One thing I really don’t like, though, is what I will go ahead and call “lying.” That’s where everyone pretends like its a good thing, and there will be growth and happiness. Lying is often confused with “keeping a stiff upper lip,” or “keeping calm and carrying on.” It’s possible to be honest about how you feel and what you think and also then choose to endure something you dislike immensely. It’s also possible to thread the narrow way between being honest about your feelings and thoughts and still not vomiting all your pain everywhere. Honesty should not be confused with Over-Sharing. Nor lying with endurance. I feel like a whole generation of people is confused about these subtle, and yet vital, distinctions.

Six

On some comment thread or other, it was vaguely hinted that I, and others, am “blaming Meghan” for everything and that the British Press is not mainly at fault. I am not actually trying to assign blame for anything anywhere.
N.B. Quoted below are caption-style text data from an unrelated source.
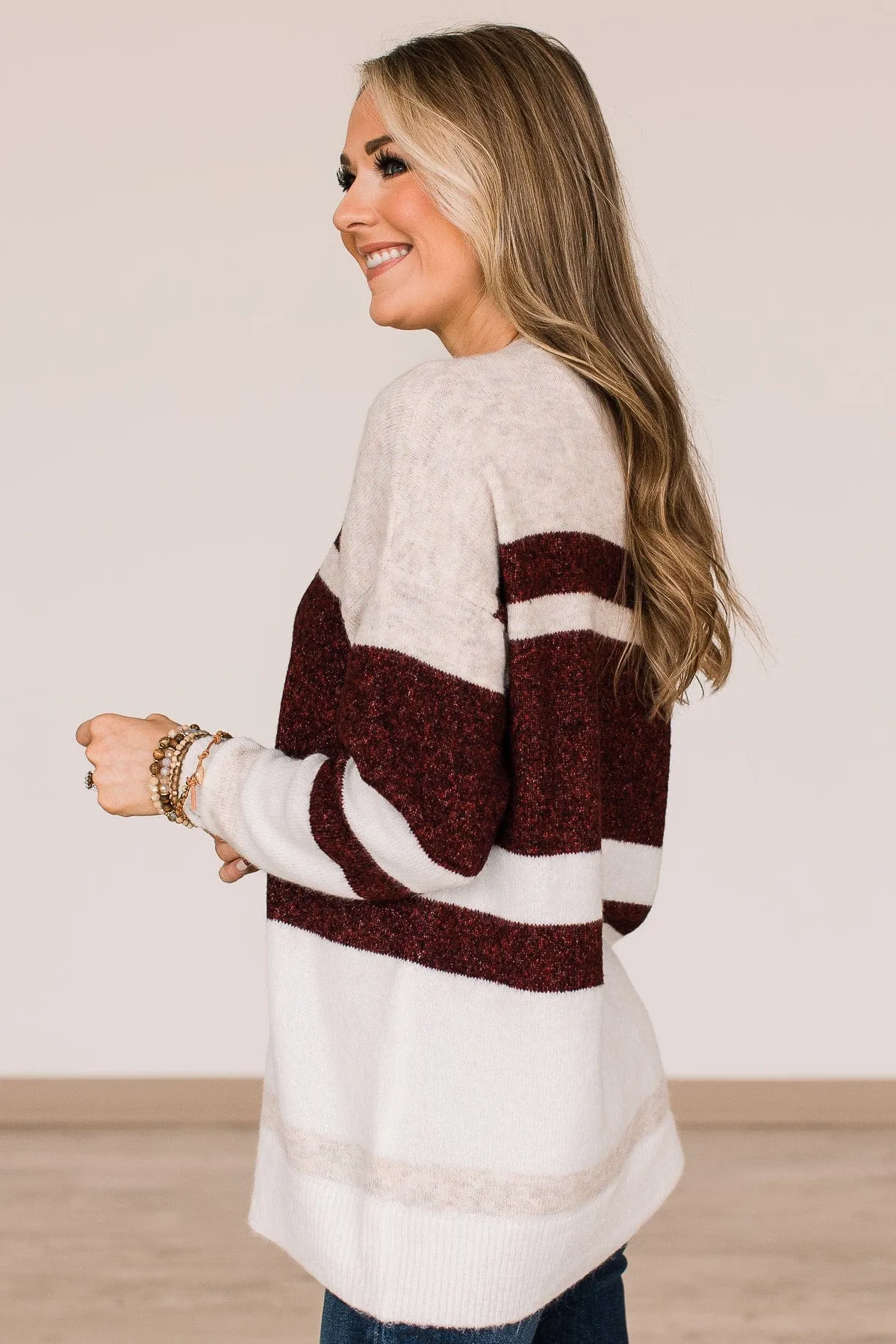 Showering Affections Striped Sweater- Ivory & Burgundy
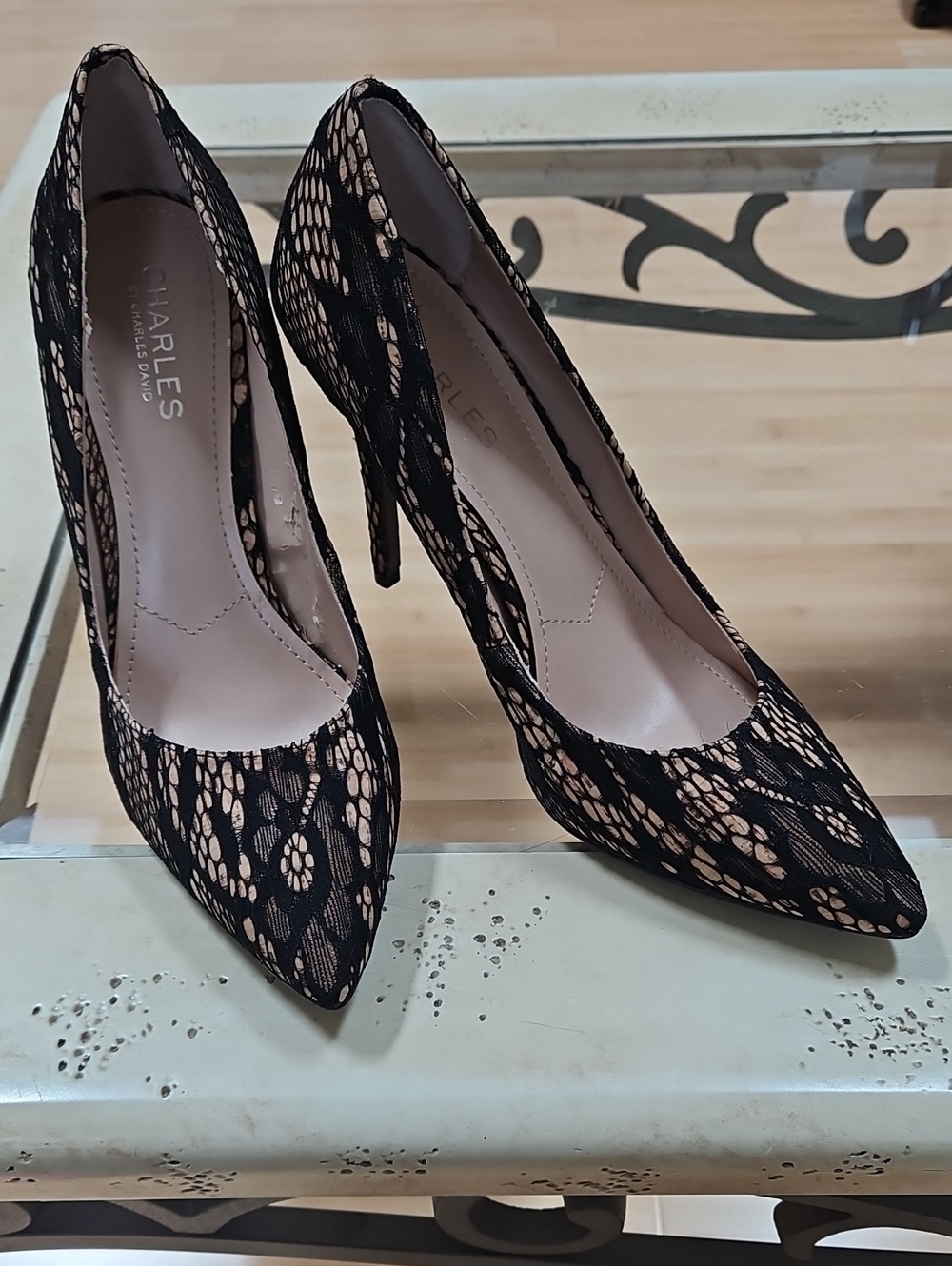 Charles by Charles David Black Lace and Nude Pointed-Toe Stilettos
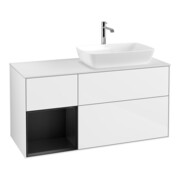 V&B Meuble sous-lavabo Finion 120 cm, placage bois, face bleue mate Lac, blanc brillant Lac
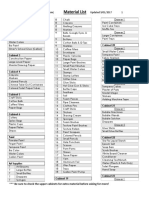 Material List: Resource Room 1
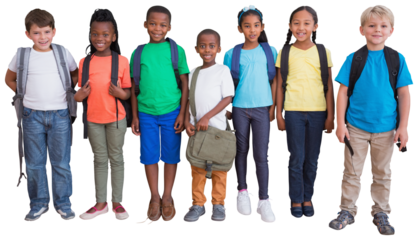 Digital png photo of group of diverse schoolchildren on transparent background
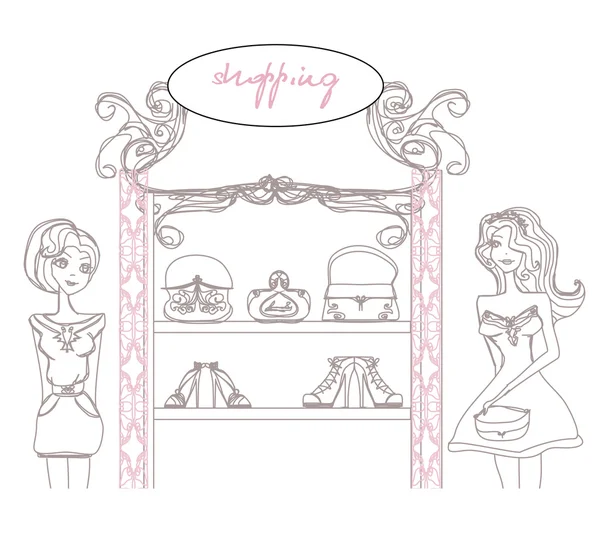 Astratto moda ragazze Shopping - illustrazione — Vettoriale Stock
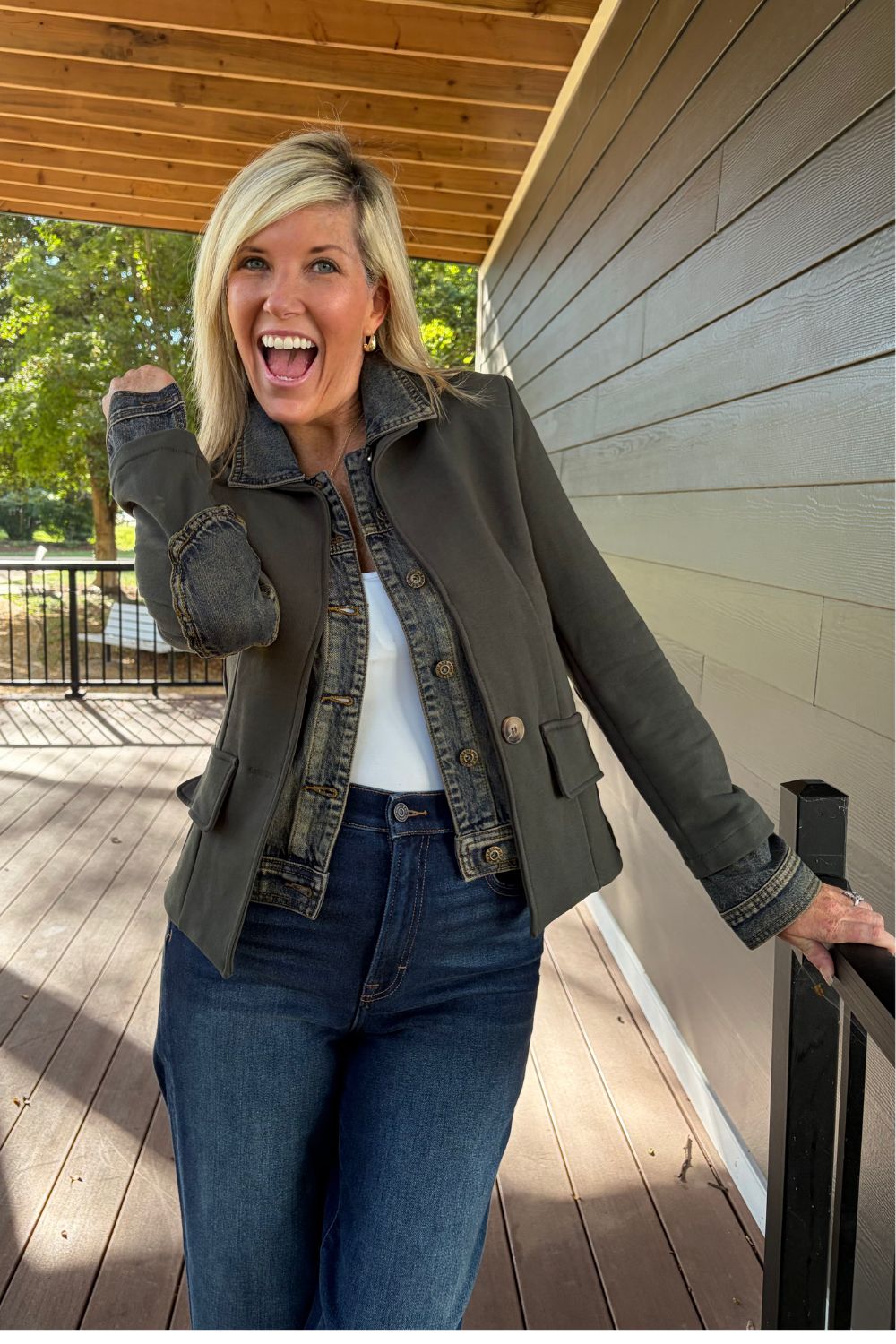Six Fifty Clarissa Mixed Medium Jacket In Military - Six Fifty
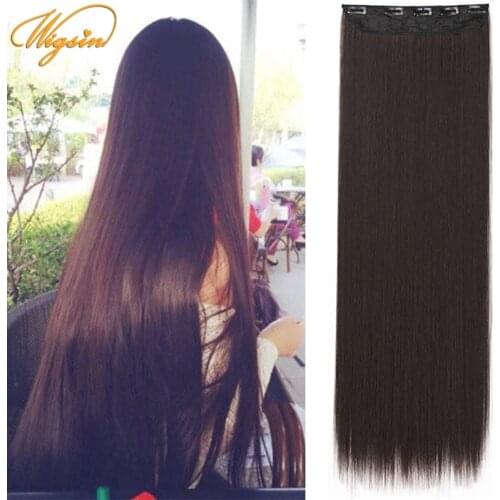 WIGSIN Long Straight Invisible Clip in One Piece Synthetic Hair Extension 24''32''Natural Black Brown Hairpiece for Women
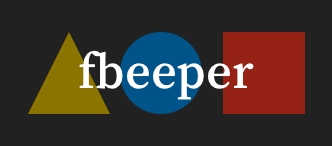 My dark mode color choices. Dark mode shapes and colors: A dark yellow triangle, a dark blue circle, and a dark red circle. Legible white text “fbeeper” on top.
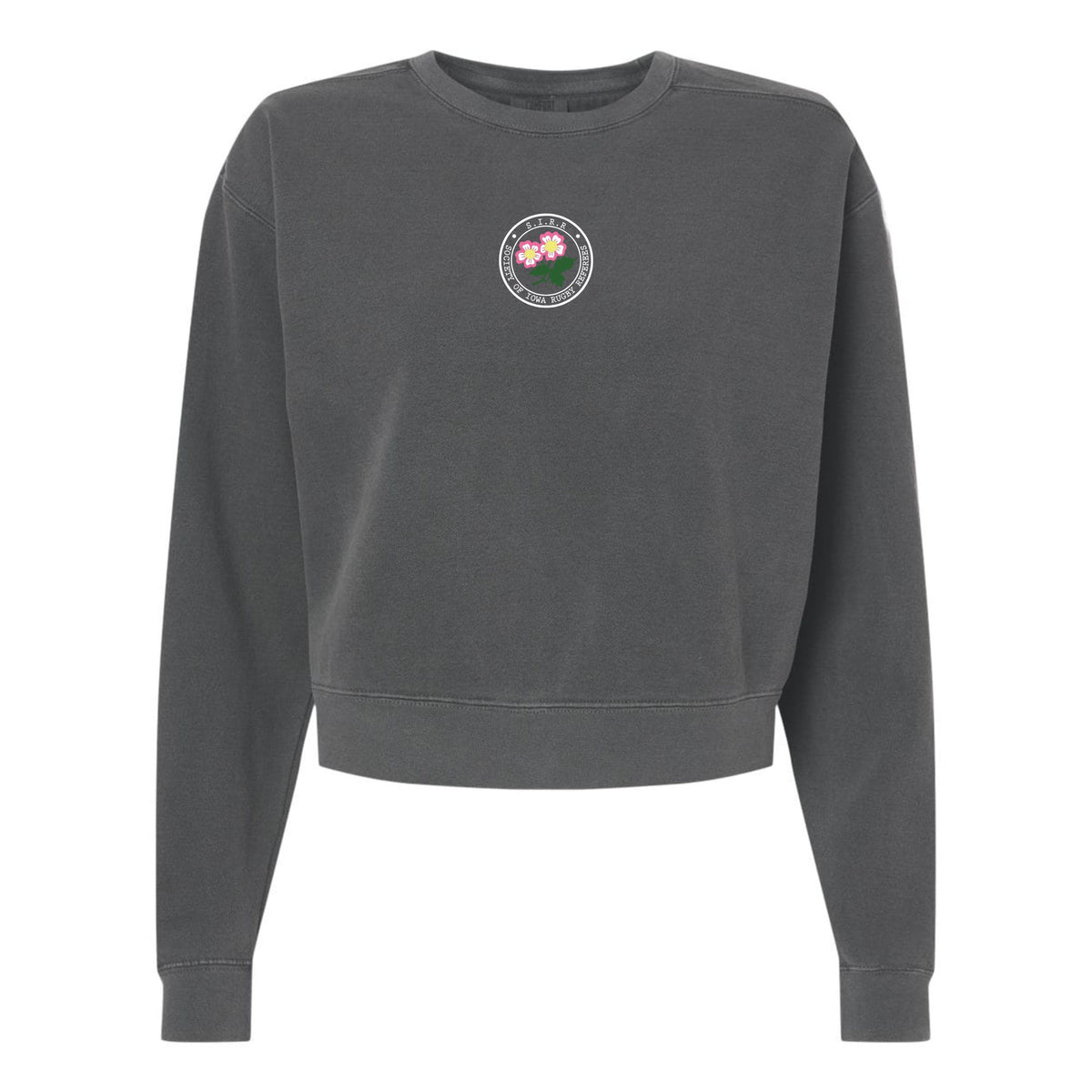 Introducing the Society of Iowa Rugby Referees Women’s Garment-Dyed Mid-Length Crewneck Sweatshirt by EMB S&S Activewear. Crafted from heavyweight fleece for lasting warmth and comfort, this dark gray crewneck features a long-sleeve design and is garment-dyed for a unique finish. A small circular floral emblem is centered on the chest, adding a subtle accent to this cozy staple.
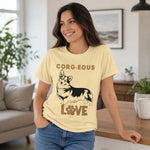 Corgi Love Graphic T-Shirt - Lifestyle mockup with man and dog | Our Phoenix Rise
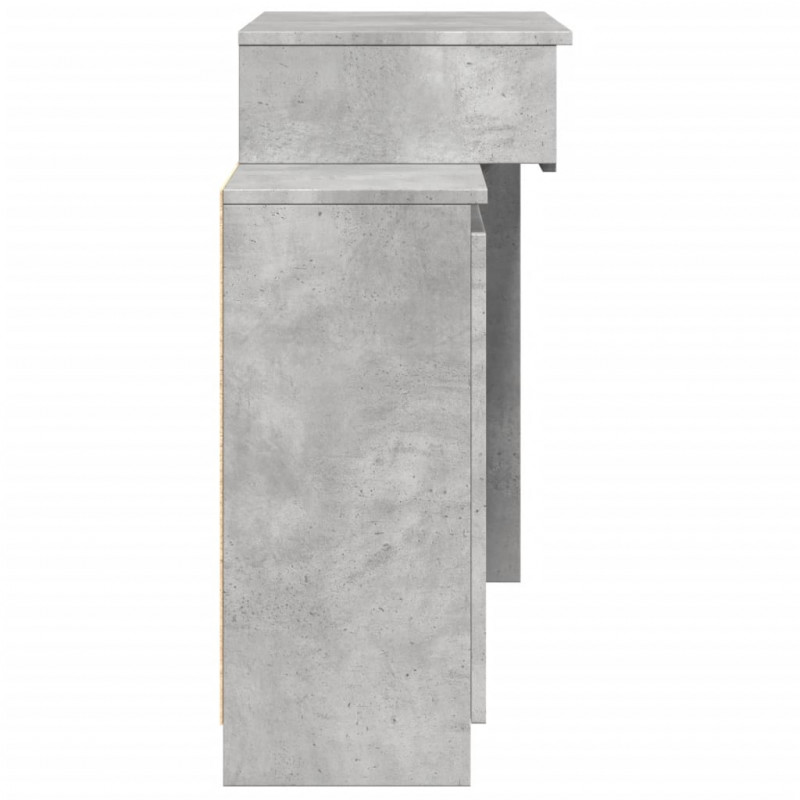Toaletka z oświetleniem LED, szarość betonu, 115x37x110,5 cm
I do not for a minute disbelieve the narrative that Meghan is very unhappy or even, perhaps, that she has been treated badly. Sin abounds. I believe that everything is very difficult. What I am saying is there there is a big cultural clash going on–two ships in slow motion colliding into each other, two world-views that cannot be reconciled, two visions of goodness. One is that the country and other people and God all must be chosen over the inclinations and desires of the self. The other is that it is immoral to choose those things over the self. We are living out this slow-motion collision in every corner of life, publicly and privately. So no, I am not blaming anyone. I am just observing that this is a very painful situation.